This experiment was conducted to evaluate the effect of liquid manure source, application rate and time on the agronomic characteristics and forage yield of winter rye. The experimental design was a randomized complete block design. The treatments were : CFB150=chemical fertilizer(CF) 150 N as basal, CFS150=CF 150 N as split application (75+75), SLB150=swine liquid (SL) 150 N as basal, SLS150=SL 150 N as split application (75+75), SLB300=SL 300 N as basal, SLS150=SL 300 N as split application(150+150), CLB150=cattle liquid (CL) 150 N as basal, CLS150=CL 150 N as split awlication(75+75), CLB300=CL 300 N as basal, CLS150=CL 300 N as split application(150+150).

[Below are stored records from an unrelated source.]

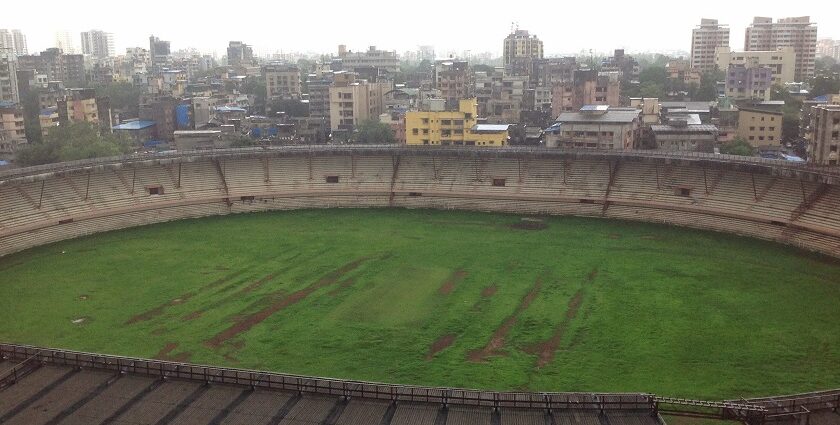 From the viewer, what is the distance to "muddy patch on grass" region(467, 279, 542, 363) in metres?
21.1

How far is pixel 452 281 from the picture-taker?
28.4 metres

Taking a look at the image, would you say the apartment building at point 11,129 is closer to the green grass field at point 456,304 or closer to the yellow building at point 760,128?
the green grass field at point 456,304

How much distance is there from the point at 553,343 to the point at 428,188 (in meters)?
22.0

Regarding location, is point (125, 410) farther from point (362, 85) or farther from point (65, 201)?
point (362, 85)

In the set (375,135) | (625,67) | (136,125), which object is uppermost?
(625,67)

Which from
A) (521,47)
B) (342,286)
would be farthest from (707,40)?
(342,286)


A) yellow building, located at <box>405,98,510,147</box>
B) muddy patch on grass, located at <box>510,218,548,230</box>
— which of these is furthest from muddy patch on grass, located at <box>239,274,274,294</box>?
yellow building, located at <box>405,98,510,147</box>

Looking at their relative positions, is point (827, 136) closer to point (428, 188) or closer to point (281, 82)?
point (428, 188)

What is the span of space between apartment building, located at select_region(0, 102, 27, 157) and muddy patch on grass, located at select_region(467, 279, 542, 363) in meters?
56.7

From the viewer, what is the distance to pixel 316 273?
29.7 m

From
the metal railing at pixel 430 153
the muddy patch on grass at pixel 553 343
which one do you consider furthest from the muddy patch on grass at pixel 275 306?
the metal railing at pixel 430 153

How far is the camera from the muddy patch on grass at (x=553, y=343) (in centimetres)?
2095

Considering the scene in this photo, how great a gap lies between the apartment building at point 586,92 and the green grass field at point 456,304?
1601 inches

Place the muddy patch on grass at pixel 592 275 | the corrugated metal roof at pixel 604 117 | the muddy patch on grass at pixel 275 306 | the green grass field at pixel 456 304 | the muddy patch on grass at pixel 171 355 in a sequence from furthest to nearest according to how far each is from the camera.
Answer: the corrugated metal roof at pixel 604 117, the muddy patch on grass at pixel 592 275, the muddy patch on grass at pixel 275 306, the muddy patch on grass at pixel 171 355, the green grass field at pixel 456 304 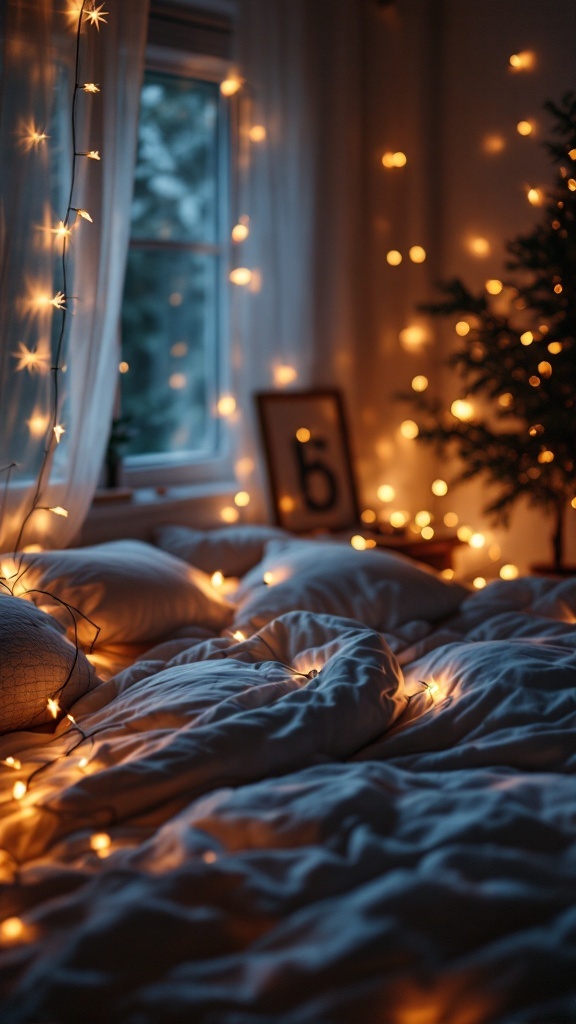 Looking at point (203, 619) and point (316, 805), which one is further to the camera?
point (203, 619)

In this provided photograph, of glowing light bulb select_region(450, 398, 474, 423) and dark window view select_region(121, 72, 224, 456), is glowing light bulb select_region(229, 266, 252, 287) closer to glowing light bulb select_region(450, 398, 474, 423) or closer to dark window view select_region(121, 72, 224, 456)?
dark window view select_region(121, 72, 224, 456)

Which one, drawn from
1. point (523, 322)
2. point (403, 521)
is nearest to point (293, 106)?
point (523, 322)

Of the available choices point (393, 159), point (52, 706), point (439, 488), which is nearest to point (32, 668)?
point (52, 706)

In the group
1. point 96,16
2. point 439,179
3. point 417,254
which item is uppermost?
point 96,16

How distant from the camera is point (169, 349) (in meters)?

Heading date of the plant was observed on the 17th of April fur both chemical fertilizer and swine liquid, and on the 16th of April for cattle liquid. Stay green of chemical fertilizer was higher than others because of high crude protein content. Leaf was darker in high nitrogen fertilizer treatments than low N treatments. However lodging resistance was poor as nitrogen fertilizer was increased. Dry matter (DM) content of rye at chemical fertilizer was lower than liquid manure. DM yield of chemical fertilizer treatments were highest among the fertilizer source. However, DM yield of rye with application was all most same at different N application methods. The crude protein (CP) content and yield for chemical fertilizer was significantly higher than liquid manure. CP yield using split application was higher by 16% and 28%, compared to basal application. Based on the results of this study, forage production of liquid manure was lower, compared to chemical fertilizer. And split application was superior to basal application forage and protein yields, and high protein.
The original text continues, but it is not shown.